*** Given information Section Begins ***
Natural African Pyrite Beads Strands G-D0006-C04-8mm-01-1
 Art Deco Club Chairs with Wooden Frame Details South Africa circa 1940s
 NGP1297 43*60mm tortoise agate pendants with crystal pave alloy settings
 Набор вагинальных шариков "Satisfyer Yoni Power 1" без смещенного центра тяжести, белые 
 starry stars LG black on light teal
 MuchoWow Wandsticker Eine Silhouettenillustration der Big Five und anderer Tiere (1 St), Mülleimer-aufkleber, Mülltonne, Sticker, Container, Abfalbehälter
*** Given information Section Ends ***
> Work request
After locating the line with "Art Deco Club" in the records above, please set down that line and all later ones exactly, and no other line.

> Solution to this exercise
 Art Deco Club Chairs with Wooden Frame Details South Africa circa 1940s
 NGP1297 43*60mm tortoise agate pendants with crystal pave alloy settings
 Набор вагинальных шариков "Satisfyer Yoni Power 1" без смещенного центра тяжести, белые 
 starry stars LG black on light teal
 MuchoWow Wandsticker Eine Silhouettenillustration der Big Five und anderer Tiere (1 St), Mülleimer-aufkleber, Mülltonne, Sticker, Container, Abfalbehälter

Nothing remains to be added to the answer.